“Il motivo del successo del Campofiorin? Il suo saper interpretare perfettamente l’essenza del made in Italy”. A quasi sessant’anni dalla sua creazione e dopo piccoli ma significativi cambiamenti rispetto alla prima, rivoluzionaria, ricetta, secondo Raffaele Boscaini, direttore marketing di Masi, il Campofiorin continua a rappresentare non solo un’etichetta iconica, ma a incarnare quella genialità che spesso rende immortali e famosi in tutto il modo i prodotti italiani. “È un vino flessibile, versatile, sia a tavola che in tutte le occasioni di consumo. Non teme confronti a livello globale, sia dal punto di vista sensoriale che per quanto riguarda il packaging. È un lusso accessibile: grazie a un rapporto qualità-prezzo invidiabile, sa recitare un ruolo da protagonista sia tra le proposte di un bistrot così come nella carta dei vini di un ristorante stellato”.
Classico, e quindi sempre contemporaneo, il Campofiorin di Masi, azienda che ha da poco tagliato il traguardo della 250° vendemmia, è un vino che interpreta perfettamente la filosofia della famiglia Boscaini. Nato come un esperimento con la vendemmia del 1964, viene immediatamente percepito dalla critica e dagli appassionati come un “Supervenetian”, grazie al suo carico di innovazione: la rifermentazione del vino da uve fresche con le vinacce dell’Amarone crea una nuova, dirompente, tipologia di vino perfettamente a metà strada tra la spensierata gioventù di un Valpolicella e l’austera eleganza di un Amarone. Una tecnica, questa, denominata “Ripasso”, che creerà uno stile seguito da molti e che Masi regalerà alla Camera di Commercio di Verona per tutelarla dalle imitazioni e che in seguito verrà inserita anche all’interno del disciplinare di produzione del Valpolicella DOC.

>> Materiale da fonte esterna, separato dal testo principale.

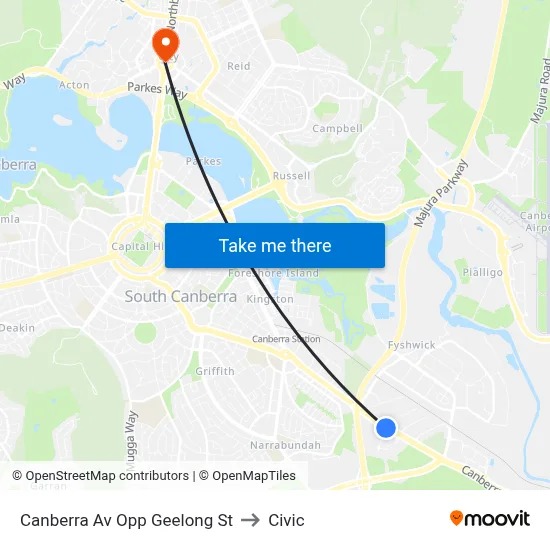 Canberra Av Opp Geelong St to Civic map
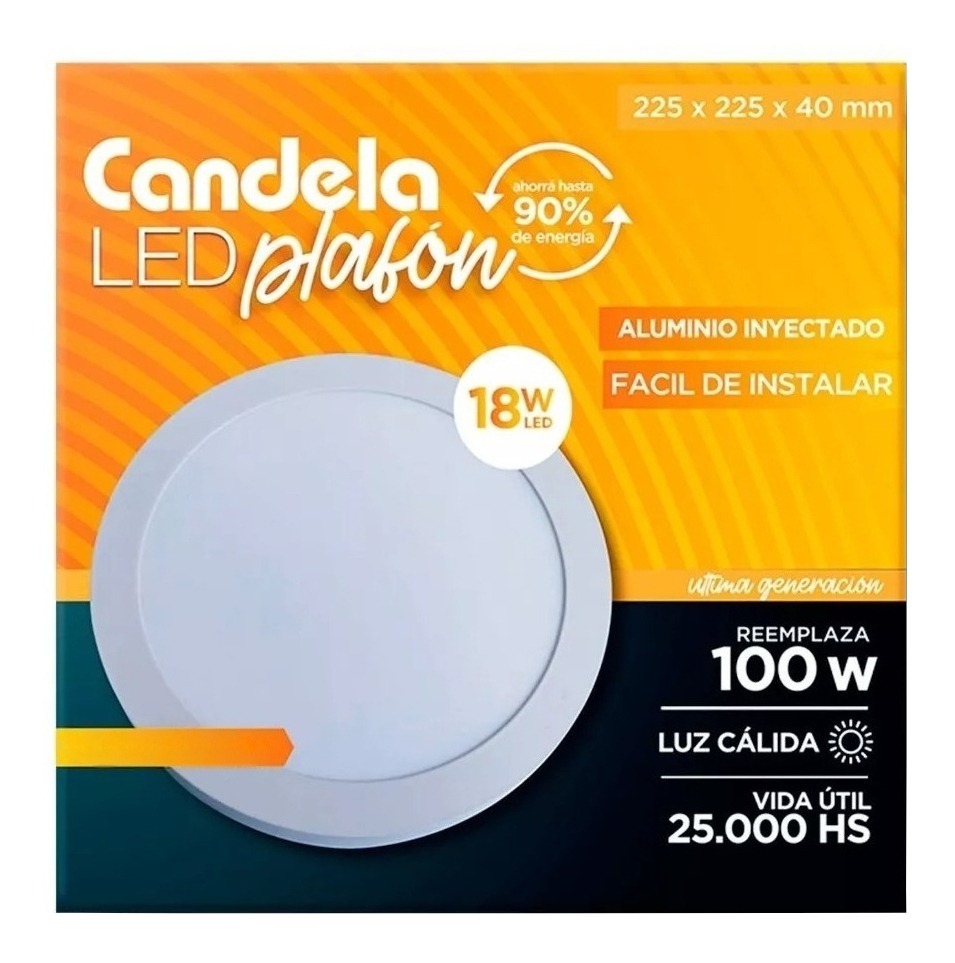 PLAFON LED REDONDO 18W LC - CANDELA - 6834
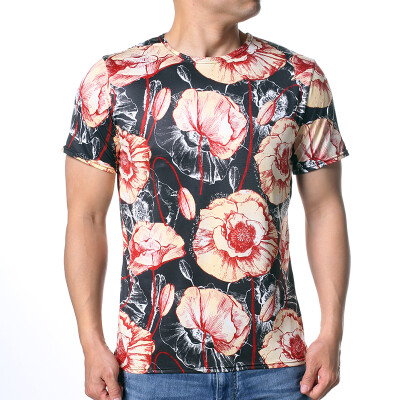 

Mens Fashion Big Flower Printed Short Sleeves T-shirts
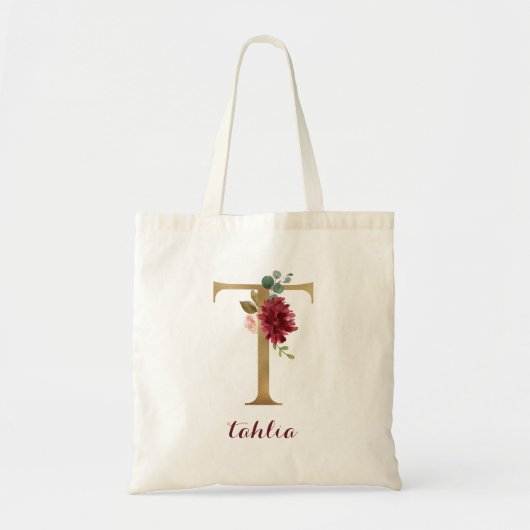 Bloemen Bourgondië Blush Goud Monogram Letter "T" Tote Bag (Voorkant)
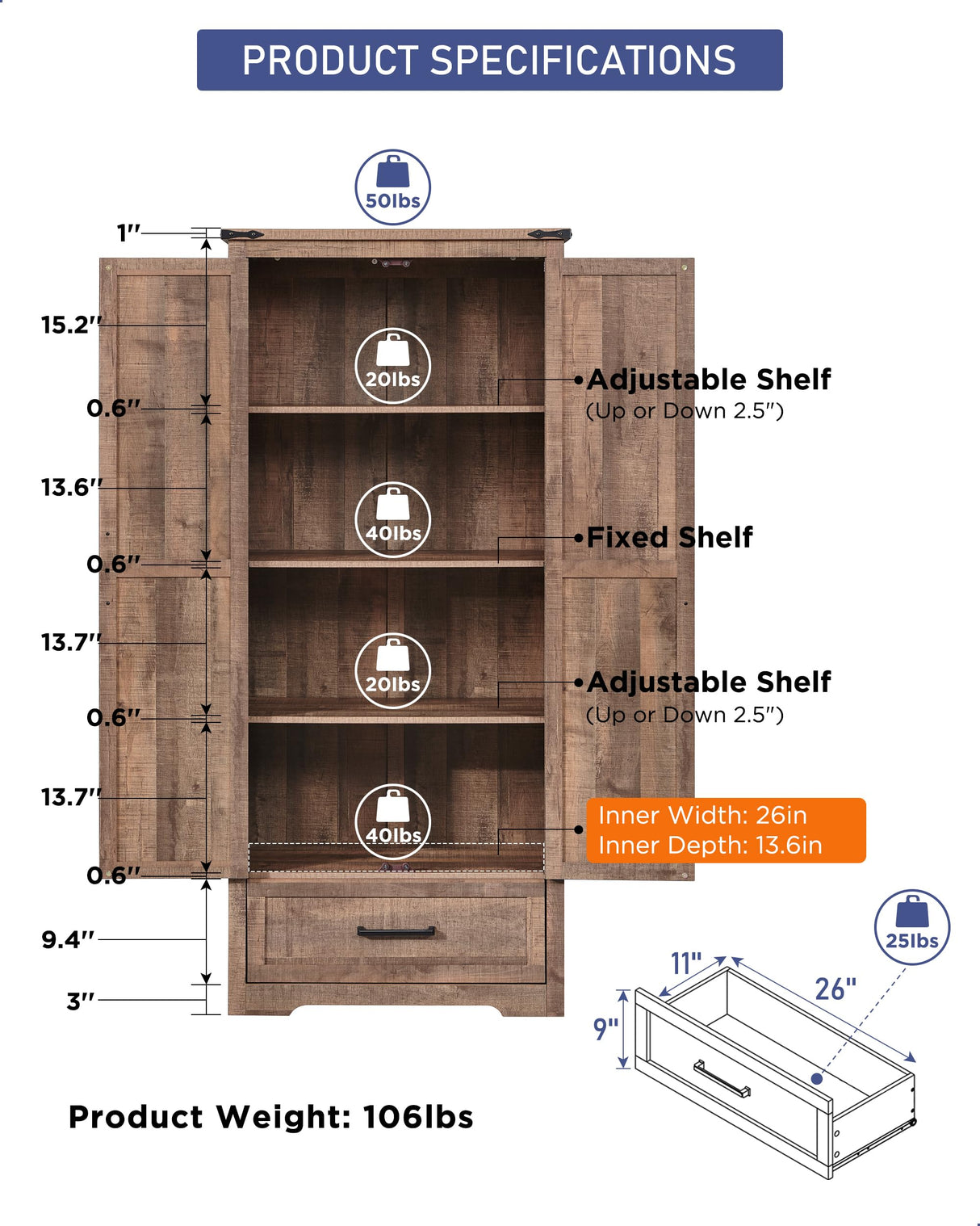 Farmhouse Kitchen Pantry Cabinet - 72" Tall Wood Kitchen Storage Cabinets with Adjustable Shelves & 2 Barn Doors & Drawer, Versatile Storage for Dining Room, Bathroom, Utility Room, Light Brown JXQTLINGMU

Nel corso degli anni il Campofiorin conquista scrittori e giornalisti di tutto il mondo, da Luigi Veronelli a Hugh Johnson, da Goffredo Parise a Burton Anderson, tutti affascinati dalla sua capacità di saper sempre interpretare con coerenza lo spirito del tempo e quello del territorio di origine. Le uve non sono mai cambiate: Corvina, Rondinella e Molinara. La tecnica di produzione si è affinata nel tempo portando prima, nel 1983, alla decisione di sostituire le vinacce con le uve integre leggermente appassite, coniando così il termine di “doppia fermentazione”; poi, a partire dall’annata 2020, optando per un leggero ritardo nella vendemmia e un incremento nella percentuale di uve appassite. Il risultato? Un vino ancor più morbido, avvolgente e fruttato.
Anche l’etichetta ha saputo aggiornarsi perché il Campofiorin “come tutte le cose che hanno successo, deve sempre essere lo stesso e sempre essere nuovo” sottolinea ancora Raffaele Boscaini. La nuova veste ha mantenuto inalterata la sua originaria riconoscibilità, famosa in tutto il mondo, con l’aggiunta di uno sfondo grigio che valorizza l’ovale con la storica cornucopia e il logo di colore rosso con un leggero outline dorato. “Lo abbiamo vestito con una camicia più elegante – conclude Boscaini –, ma il Campofiorin rimane sempre lo stesso, un vino premium e al tempo stesso contemporaneo”.